| Aim of the task |
Retype each line of the listing below, from the first through the one holding "18289953_1576988178981116_446829424_o", with no other lines.

┄┄┄┄┄┄┄┄┄┄┄┄┄┄┄┄┄┄┄┄

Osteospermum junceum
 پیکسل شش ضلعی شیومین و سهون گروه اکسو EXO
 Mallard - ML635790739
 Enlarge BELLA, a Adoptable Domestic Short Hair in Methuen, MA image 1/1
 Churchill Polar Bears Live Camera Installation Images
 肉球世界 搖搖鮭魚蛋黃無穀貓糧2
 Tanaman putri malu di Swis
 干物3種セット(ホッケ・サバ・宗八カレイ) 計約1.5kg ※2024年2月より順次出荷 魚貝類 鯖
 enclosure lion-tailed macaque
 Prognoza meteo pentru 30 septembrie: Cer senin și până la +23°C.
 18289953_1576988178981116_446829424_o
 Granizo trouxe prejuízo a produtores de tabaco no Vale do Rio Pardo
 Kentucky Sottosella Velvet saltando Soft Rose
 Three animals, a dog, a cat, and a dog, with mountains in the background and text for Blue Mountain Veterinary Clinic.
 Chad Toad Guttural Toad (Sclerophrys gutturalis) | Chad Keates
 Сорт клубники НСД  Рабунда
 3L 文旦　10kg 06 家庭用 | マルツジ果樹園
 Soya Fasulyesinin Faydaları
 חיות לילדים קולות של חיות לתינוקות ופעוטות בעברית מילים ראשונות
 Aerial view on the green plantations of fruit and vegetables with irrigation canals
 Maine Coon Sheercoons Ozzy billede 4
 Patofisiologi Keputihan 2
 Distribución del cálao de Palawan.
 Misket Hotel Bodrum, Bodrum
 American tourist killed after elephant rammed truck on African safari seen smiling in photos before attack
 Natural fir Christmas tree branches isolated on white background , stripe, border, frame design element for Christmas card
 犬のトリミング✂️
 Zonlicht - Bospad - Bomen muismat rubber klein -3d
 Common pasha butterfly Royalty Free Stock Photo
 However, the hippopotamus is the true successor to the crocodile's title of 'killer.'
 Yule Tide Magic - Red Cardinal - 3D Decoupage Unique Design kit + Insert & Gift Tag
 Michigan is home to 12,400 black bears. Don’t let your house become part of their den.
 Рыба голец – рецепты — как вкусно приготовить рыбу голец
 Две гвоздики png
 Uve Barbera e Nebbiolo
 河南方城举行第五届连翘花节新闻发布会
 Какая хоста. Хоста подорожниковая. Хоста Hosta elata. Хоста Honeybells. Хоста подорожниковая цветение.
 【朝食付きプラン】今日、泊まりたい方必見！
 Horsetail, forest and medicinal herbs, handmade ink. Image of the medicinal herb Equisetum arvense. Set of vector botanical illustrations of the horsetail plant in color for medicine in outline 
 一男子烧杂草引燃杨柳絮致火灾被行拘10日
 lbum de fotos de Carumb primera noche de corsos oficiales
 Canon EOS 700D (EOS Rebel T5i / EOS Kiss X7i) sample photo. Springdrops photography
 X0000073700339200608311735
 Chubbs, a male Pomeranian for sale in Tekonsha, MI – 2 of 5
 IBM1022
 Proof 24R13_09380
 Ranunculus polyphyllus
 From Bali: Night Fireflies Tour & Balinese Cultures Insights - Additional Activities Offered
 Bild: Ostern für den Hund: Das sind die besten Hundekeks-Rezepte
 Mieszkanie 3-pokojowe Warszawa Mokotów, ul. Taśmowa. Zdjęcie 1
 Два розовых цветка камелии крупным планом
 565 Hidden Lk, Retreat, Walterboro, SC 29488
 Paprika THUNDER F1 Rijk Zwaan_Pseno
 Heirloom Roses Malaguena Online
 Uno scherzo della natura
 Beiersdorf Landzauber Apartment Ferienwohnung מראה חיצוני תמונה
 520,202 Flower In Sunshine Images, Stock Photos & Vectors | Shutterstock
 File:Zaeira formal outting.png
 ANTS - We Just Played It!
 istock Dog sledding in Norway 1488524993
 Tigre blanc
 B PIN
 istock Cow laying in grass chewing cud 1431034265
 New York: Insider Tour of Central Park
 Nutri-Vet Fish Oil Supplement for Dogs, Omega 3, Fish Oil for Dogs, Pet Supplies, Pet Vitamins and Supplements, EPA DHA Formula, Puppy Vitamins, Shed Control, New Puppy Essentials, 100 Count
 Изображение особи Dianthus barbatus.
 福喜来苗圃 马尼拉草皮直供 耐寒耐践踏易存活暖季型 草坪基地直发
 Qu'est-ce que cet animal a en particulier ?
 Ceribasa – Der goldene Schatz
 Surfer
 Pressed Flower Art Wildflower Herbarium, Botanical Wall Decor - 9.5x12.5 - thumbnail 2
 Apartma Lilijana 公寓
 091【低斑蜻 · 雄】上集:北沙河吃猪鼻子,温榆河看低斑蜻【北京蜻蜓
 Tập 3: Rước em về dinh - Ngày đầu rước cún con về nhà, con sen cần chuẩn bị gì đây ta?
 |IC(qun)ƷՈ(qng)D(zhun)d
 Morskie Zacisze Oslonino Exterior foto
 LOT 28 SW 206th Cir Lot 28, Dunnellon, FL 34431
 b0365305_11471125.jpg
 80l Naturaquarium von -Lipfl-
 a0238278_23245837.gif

┄┄┄┄┄┄┄┄┄┄┄┄┄┄┄┄┄┄┄┄

| Your response |
Osteospermum junceum
 پیکسل شش ضلعی شیومین و سهون گروه اکسو EXO
 Mallard - ML635790739
 Enlarge BELLA, a Adoptable Domestic Short Hair in Methuen, MA image 1/1
 Churchill Polar Bears Live Camera Installation Images
 肉球世界 搖搖鮭魚蛋黃無穀貓糧2
 Tanaman putri malu di Swis
 干物3種セット(ホッケ・サバ・宗八カレイ) 計約1.5kg ※2024年2月より順次出荷 魚貝類 鯖
 enclosure lion-tailed macaque
 Prognoza meteo pentru 30 septembrie: Cer senin și până la +23°C.
 18289953_1576988178981116_446829424_o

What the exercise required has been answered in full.